This class follows the architecture of the transformer decoder layer in the
paper [Attention is All You Need](https://arxiv.org/abs/1706.03762). Users
can instantiate multiple instances of this class to stack up a decoder.
By default, this layer will apply a causal mask to the decoder attention
layer. You can also pass padding or attention masks directly to the layer
during call, e.g. with `decoder_padding_mask` or `decoder_attention_mask`.
This layer can be called with either one or two inputs. The number of inputs
must be consistent across all calls. The options are as follows:
`layer(decoder_sequence)`: no cross-attention will be built into the
decoder block. This is useful when building a "decoder-only"
transformer such as GPT-2.
`layer(decoder_sequence, encoder_sequence)`: cross-attention will be
built into the decoder block. This is useful when building an
"encoder-decoder" transformer, such as the original transformer
model described in Attention is All You Need.
Args:
intermediate_dim: int, the hidden size of feedforward network.
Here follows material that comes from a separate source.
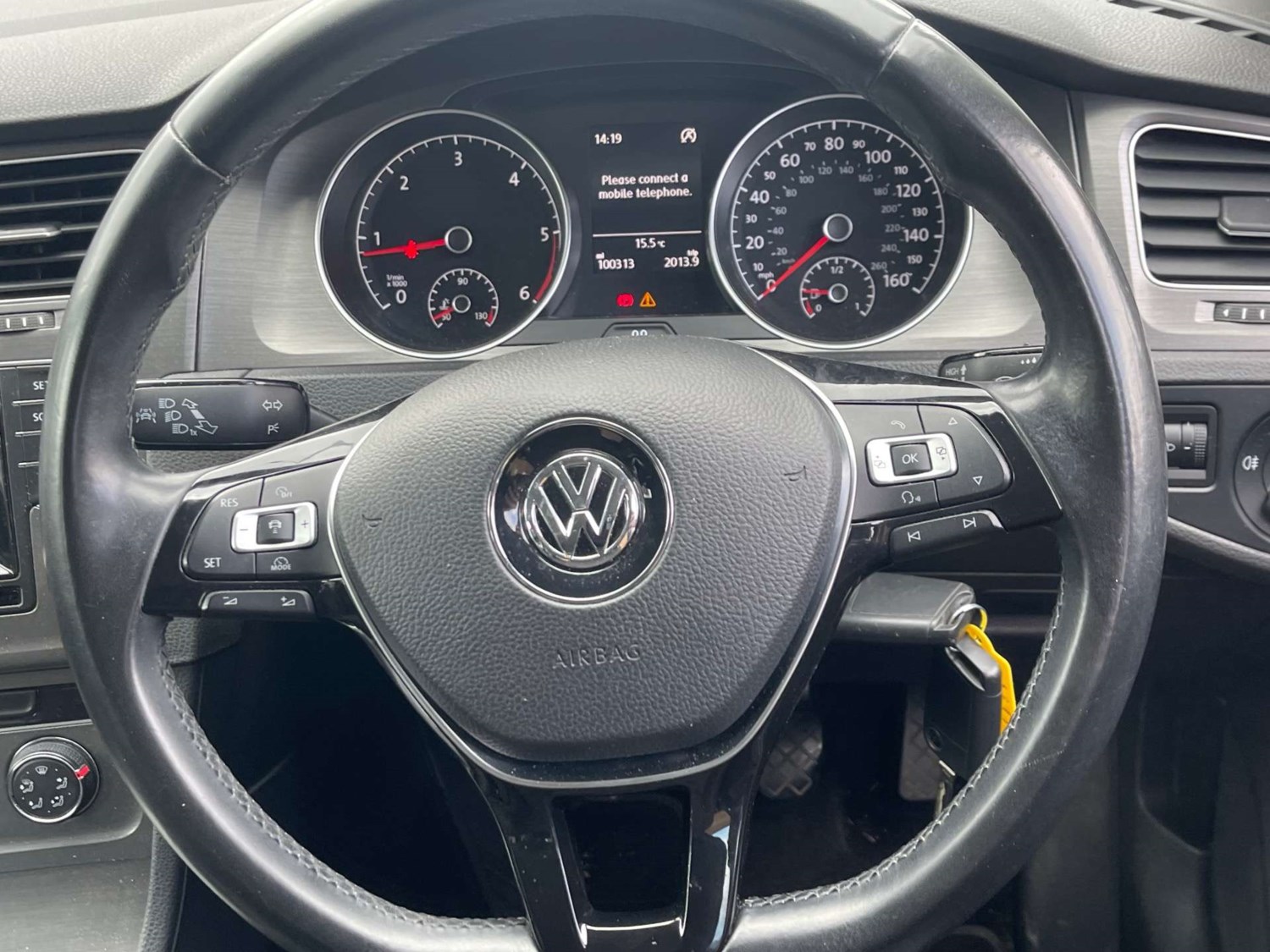 Volkswagen Golf Listing Image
num_heads: int, the number of heads in MultiHeadAttention.
dropout: float. the dropout value, shared by
MultiHeadAttention and feedforward network. Defaults to `0.`.
activation: string or `keras.activations`. the
activation function of feedforward network.
Defaults to `"relu"`.
layer_norm_epsilon: float. The eps value in layer
normalization components. Defaults to `1e-5`.
kernel_initializer: string or `keras.initializers` initializer.
The kernel initializer for the dense and multiheaded
attention layers. Defaults to `"glorot_uniform"`.
bias_initializer: string or `keras.initializers` initializer.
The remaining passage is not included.